The Senate Education Committee held a hastily arranged hearing Wednesday morning to vote out comprehensive school finance reform legislation — accelerating the bill’s journey to the Senate floor and eventual negotiations with the lower chamber.
The fast-tracked revision and vote on House Bill 3 came the day after House lawmakers voted through a property tax reform bill, making it contingent on school finance reform passing this session. State Sen. Larry Taylor, the Senate Education Committee’s chair, had originally told The Texas Tribune on Tuesday he did not anticipate a committee vote on school finance until Thursday or next week.
The full Senate is now expected to vote Friday on the legislation, which aims to increase the base funding for each Texas student, increase teacher pay, provide money for full-day preK for low-income students, and allow for long-term property tax relief.
Many details of the bill still need to be ironed out, however, and committee members voted Wednesday without an official analysis of how their districts would fare financially. Still, the vote seemed to address concerns that the Senate was moving too slowly on school finance.
“I know you’d rather not have to vote on this today. I certainly appreciate your help in moving this forward,” Taylor told the committee in the Senate chamber Wednesday. “This is a process. Frankly, what we pass off the floor on Friday is not the end of the day.”
Many committee members expressed disappointment at having to take a vote without being prepared. Their offices received the newest version of the bill just after 8 p.m. Tuesday.

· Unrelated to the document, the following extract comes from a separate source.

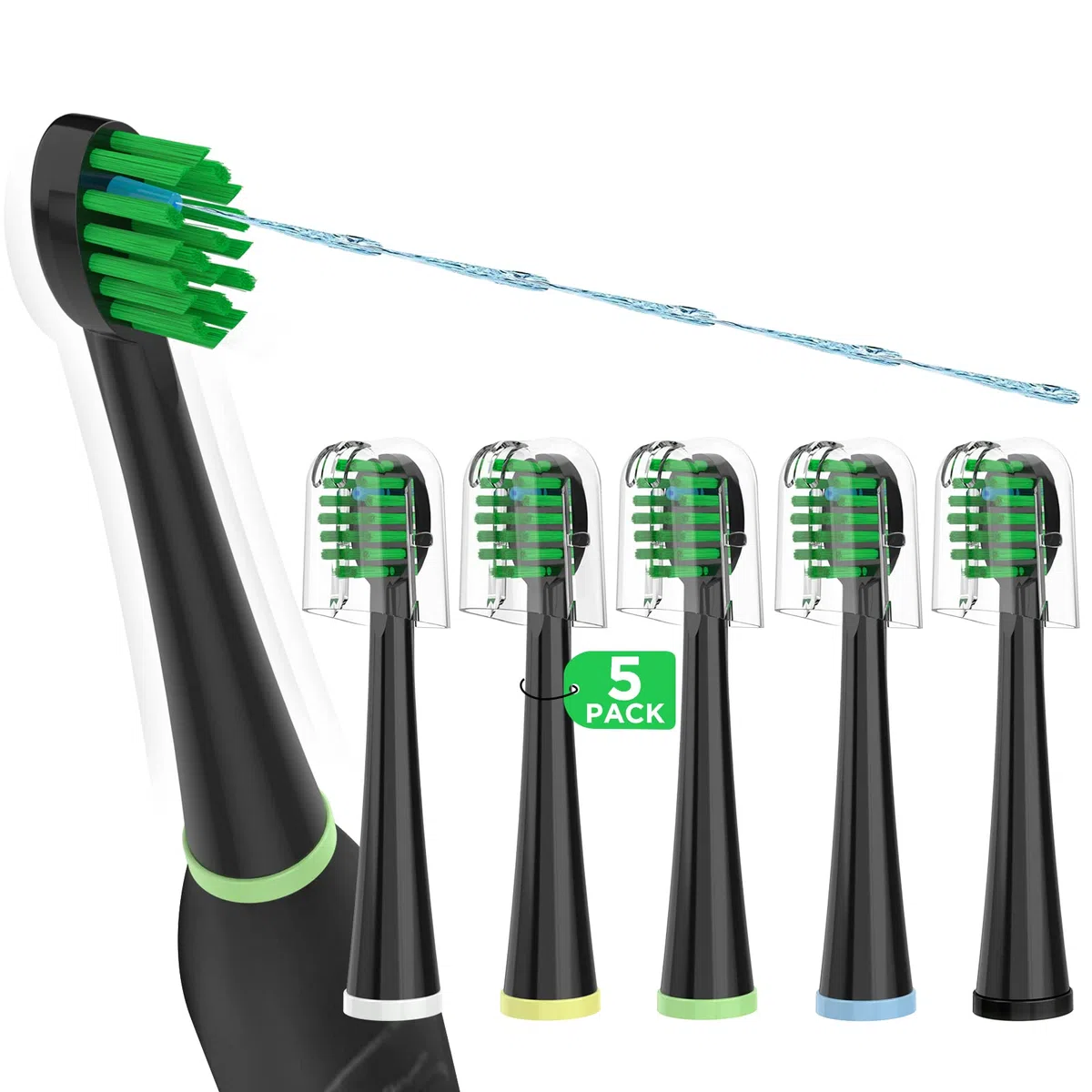 Wymienne końcówki do szczoteczki do zębów Water Pik Sonic Fusion (SF-01 / SF-02 / SF-03 / SF-04), kompaktowe, z pokrywkami, 5 sztuk, czarne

With arms folded across his chest, State Sen. Paul Bettencourt, R-Houston, declined to vote for the bill, pointing out that there was no agreed-upon way to fund it long-term and that it still had “clear errors.” He marked himself as “present, not voting,” along with state Sens. Angela Paxton, R-McKinney, and Bob Hall, R-Edgewood.
The vote brings the upper chamber one step closer to catching up with the lower chamber by passing three top legislative priorities: the budget, school finance, and tax reform bills.
In a tweet Wednesday morning, Lt. Gov. Dan Patrick, the Senate’s president, congratulated the House for passing property tax reform legislation, Senate Bill 2, and said it would go to a conference committee between the two chambers “ASAP.” And he noted that HB 3’s trajectory had been “expedited” so it could get to the Senate floor. (“Also ASAP.”)
But some committee members expressed frustration that it was hard to get some constituents on board without reports detailing how each district would be affected.
“It’s really difficult for them to feel confident about what this looks like for them,” said Paxton, who declined to take a vote on the bill.
Senate Education Committee members voted out a version of the school finance legislation that differs in many ways from the version the House voted out in early April. It includes a $5,000 across-the-board raise for full-time classroom teachers and librarians, funding for districts that want to pay higher-rated teachers more, money for districts with better student academic outcomes, and a few different long-term property tax relief proposals.
The House’s version of the bill requires districts to use a portion of their additional base funding per student on raises for all school employees and designates extra money for raises to be given at districts’ discretion. It lowers school tax rates by 4 cents per $100 valuation — $100 off a tax bill for the owner of a $250,000 home — and lowers rates further for districts taxing higher. But it doesn’t include a proposal for long-term, ongoing tax relief.
House members made it clear Tuesday they were happy with the property tax bill being yoked to school finance. An attempt to pry them apart during the hours-long floor debate failed by a large margin, with only five lawmakers on record supporting it.
In the meantime, another time crunch looms. Taylor has indicated the Senate’s long-term school property tax relief proposals will only be viable if lawmakers also find a sufficient revenue source to make up for lost local tax revenue. Currently, there’s a blank space where the revenue source should be in the bill.
State leaders, including Patrick, Gov. Greg Abbott and House Speaker Dennis Bonnen, have backed a proposal to increase the sales tax one percentage point and use that revenue for tax relief.
Legislation that would do that, House Joint Resolution 3, was presented in the House Ways and Means Committee last month but has not yet been voted out. It would give Texans the chance to approve the sales tax swap.
Time is running out for the House to move that forward. House bills and joint resolutions must get on the lower chamber’s calendar by the end of next Tuesday and must be voted out by the end of next Thursday.